Gracious master and friend! It has until now been the custom in our Germany to put a great number of talented lads to the task of artistic painting without real foundation other than what they learned by daily usage. They have therefore grown up in ignorance like an unpruned tree. Although some of them have achieved a skillful hand through continual practice, their works are made intuitively and solely according to their tastes. Whenever knowledgable painters and true artists had occasion to see such unplanned works, they smiled --not without reason-- about the ignorance of these people. Nothing is more annoying to men of understanding than a blunder in a painting, no matter how diligently it may be executed. Because such painters have derived pleasure from their errors has been the sole reason that they never learned the art of measurement, without which no one can become a true artisan. It is the fault of their masters who themselves were ignorant of this skill.
It is this skill which is the foundation of all painting. For this reason, I have decided to provide to all those who are eager to become artists a starting point and a source for learning about measurement with ruler and compass. From this they will recognize truth as it meets their eyes, not only in the realm of art but also in their proper and general understanding.
Dedication of Dürer's A Course in the Art of Measurement with Compass and Ruler, 1525
My friends at Art School seem to be in the course of learning for themselves. Teachers are afraid to teach hard technique for it might kill their blooming originality. Their greatest edeavour seems to be how and how soon to find their style - their selling point. All has in fact been sold to this single endeavour.
If trial and error and constant practice is all that's left then what do you pay teacher's for? Only for evaluation against an unknown canon, and for whiping you into constant practice, like slaves and undisciplined kids might need.
I humbly propose the thesis that learning technical matters does not stiffle creativity. And that the way to not become stuck on a particular technique is not to shy away from teaching a technique but instead to teach so many different ones that the mind has no choice but to understand how wide the gamut is and that there are many more still to learn or to create or to adapt to one's tastes.
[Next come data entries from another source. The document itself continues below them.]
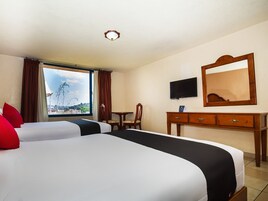 Habitación de hotel con dos camas, un escritorio, una silla, un televisor y un ventanal con vistas.
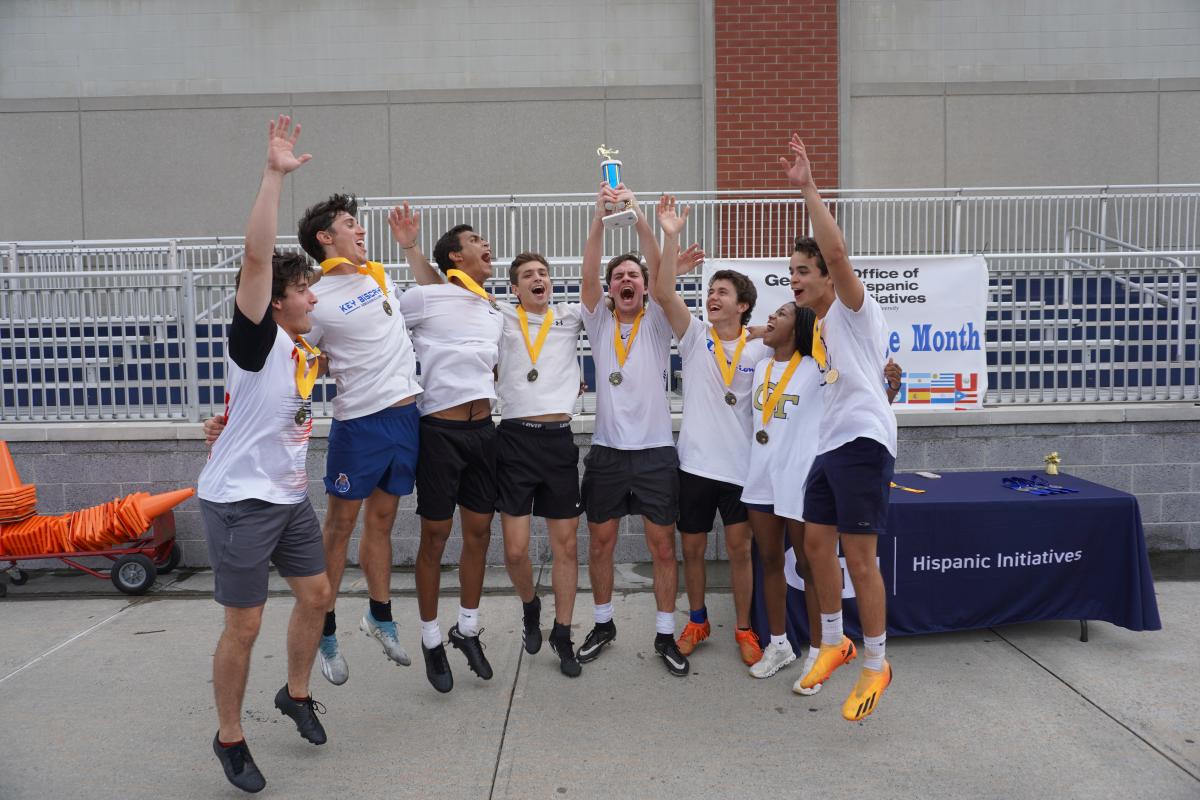 students celebrating with trophy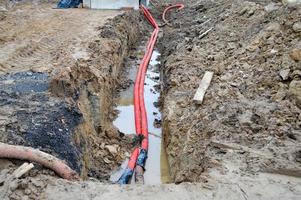 Large red plastic corrugated pipes with wires for a transformer substation at a construction site during a repair in a new underground community photo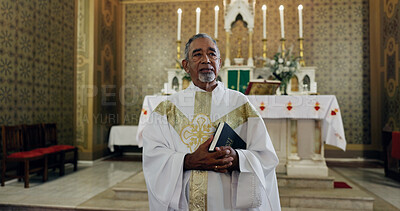 Buy stock photo Church, priest and man with bible, gospel and preacher with book for sermon, holy or spiritual. Worship, God and mature person with faith for ceremony, catholic and prayer with belief or Christianity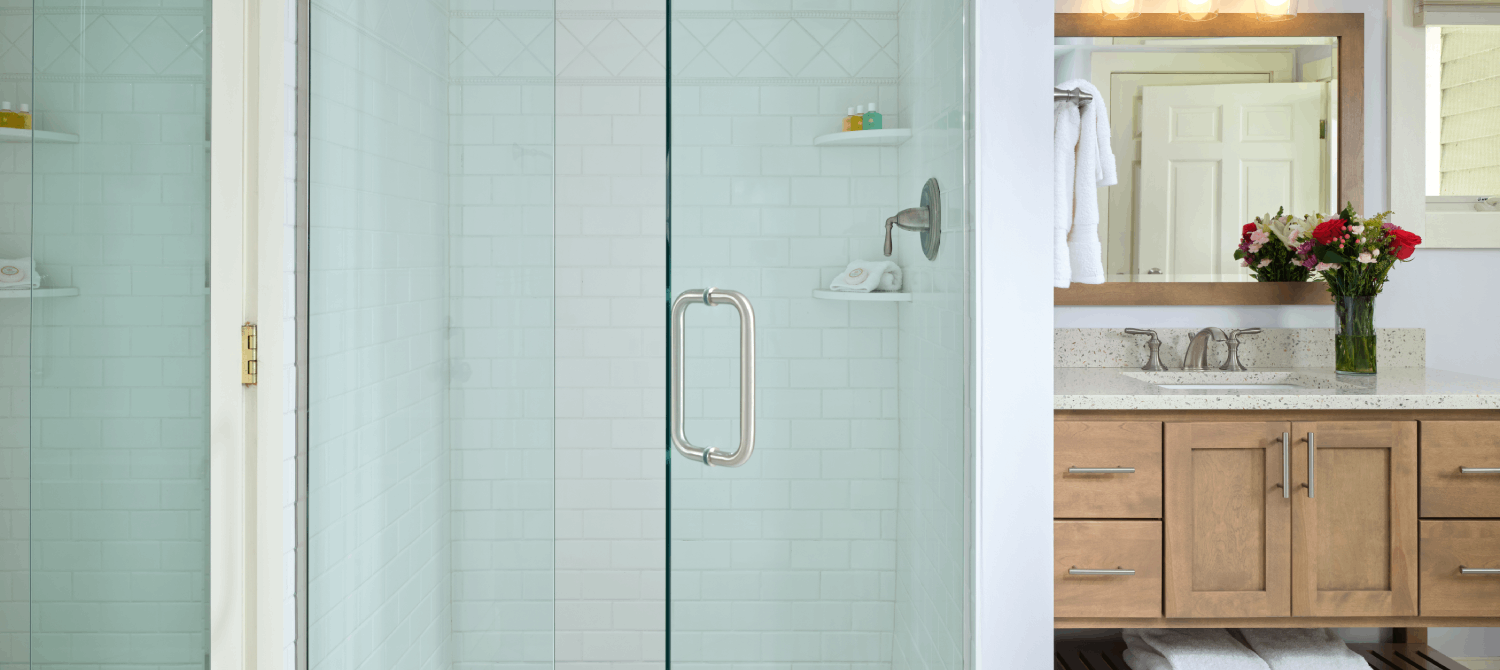 A photo of luxury bathroom with glass inclosed shower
It is in fact the ignorant, "free" mind, that usually gets stuck to a fixed technique. For reaching any acceptable technique in ignorance is so hard that only the bravest will have any chance of leaving a safe ground after it is reached, and all the rest will usually settle into their first acceptable technique for the rest of their lives, and mistakenly call that their "personal style".
And I put further to consideration that personal style is not something you strive for, but something that comes from different men striving for some same altogether different purpose - for instance, for technical mastery of their field. For if different men of different abilities throw themselves against far more than they can handle, is it not clear that they shall reach different strategies to accomodate themselves, that will reflect their own strenghts and weaknesses and even their tastes and life experiences - just like one who is too tall or too short will sit on an average sized sofa in different ways, with dangling feet or bent legs according to his own habits and conveniences and physical characteristics? So will different artists unavoidably reach their own style -styles, in fact, for they will change if the artist grows- as they painfully climb uphill, facing difficulty on their way, each style being perhaps no more than a particular campfire built in the night, on some ledge where you get much deserved repose before next morning's climb.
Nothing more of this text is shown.